Les bureaux équipés de Wi-Fi n’ont pas été touchés, permettant aux plus nantis ( si tu travailles dans un bureau équipé de Wi-Fi, tu fais partie des nantis) de continuer leur travail . Mais les vendeurs par internet de pagnes, de savons fait maison, les revendeurs de mégas, d’unités mobiles, les traders en cryptomonnaie ( un phénomène d’une ampleur conséquente dans ce coin du monde), se sont retrouvés coupés de leur revenus pendant 8 jours, une période extrêmement longue quand tu vis financièrement au jour le jour.

Et on est en droit de se demander à qui à profiter réellement cette coupure : est ce réellement pour empêcher une mobilisation contre le gouvernement burkinabè ou est-ce, plus grave, pour empêcher la diffusion d’information sur ce convoi militaire français ce qui  montrerai une subordination flagrante du gouvernement actuel face à l’ancien pouvoir colonial?

 Et toi, du coup, tu te sens comment ?

moi, prête à sauter à pieds joints dans l’action à mon échelle

Et moi, me diriez-vous ? Quelles conséquences en tire-tu ?

Moi, je ne suis pas touchée par les conséquences économiques de la situation. Je garde, et de loin, une position très privilégiée d’étrangère bien accueillie, financièrement plus à l’aise que de nombreux burkinabè et bien installée.

Il est vrai que l’augmentation et la diffusion des actes terroristes sur le territoire pousse à la prudence : il faut éviter les excursions même d’un jour à l’extérieur de la ville et agir avec prudence dans ses déplacements.

Le sentiment anti-français grandissant demande aussi une attention : bien que je ne pense pas ressembler à un militaire français, que je suis belge et que je partage entièrement l’opposition à la politique française menée au Sahel, l’amalgame est vite arrivé , dans une foule en colère ou lors d’une discussion arrosée au bar du coin. Je suis donc plus attentive à ne pas me retrouver dans ce genre de situation et surtout pas sans être accompagnée d’amis burkinabè.

La situation du pays est tellement enchevêtrée qu’il est facile de sentir impuissante face à ça.

Et pourtant, je reste persuadée, qu’à ma modeste manière, je peux contribuer à l’apaisement.

Fuir et quitter le pays ( parce que moi, ben, je pourrais et facilement) ne me parait pas envisageable. Si tous les étrangers font la même chose, ce serait très dommageable : il n’y aurait plus d’ouvertures sur le monde et sur le faire autrement, moins d’investissements qui tendent d’être positifs aussi.
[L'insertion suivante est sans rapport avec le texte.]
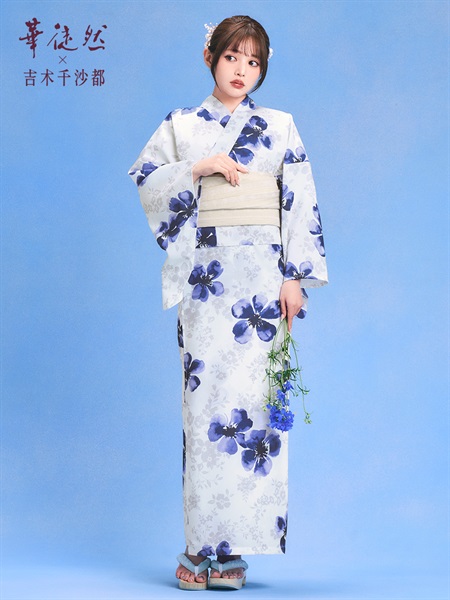 【華徒然×吉木千沙都】2WAY・ワンピース浴衣　水彩花(水色)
Cela augmenterai l’isolement et ne ferai qu’alimenter la terreur.

Et puis s’investir dans des projets qui ouvrent des opportunités économiques, culturelles a du sens.
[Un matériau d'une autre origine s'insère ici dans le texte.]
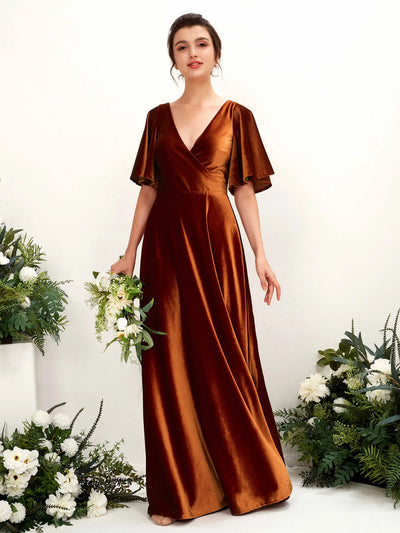 Carlyna Robe ras du sol encolure croisée manches papillon velours demoiselle d'honneur Orange Brûlé #couleur_orange-br-l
Un cinéma, cela ouvre les esprits

Un festival, cela permet de se retrouver de vivre ensemble

Une cohorte de personnes formées à l’entrepreneuriat , c’est autant de revenus créés, de familles autonomes et participer, très modestement, à l’indépendance économique du pays

Une serre agricole, c’est une contribution à l’autonomie alimentaire.

Des projets en faveur de l’environnement, c’est contribué à créer un climat stable, sain, productif.

Et puis, avouons-le, au quotidien, je vis une des plus belles parties de ma vie, intense, riche, pleine de sens, donc, tant que le pays m’accueille, internet ou pas, je reste là.

2 réflexions sur “8 jours sans internet… mais pourquoi?

  1. Il y a aussi les conflits nomades-sédentaires, le couloir de trafics (de drogues, humains…)… C’est un sacré noeud de problèmes.
    Mais je pense comme toi. Si chacun se retrousse les manches, il empêche le sombre de prendre toute la place.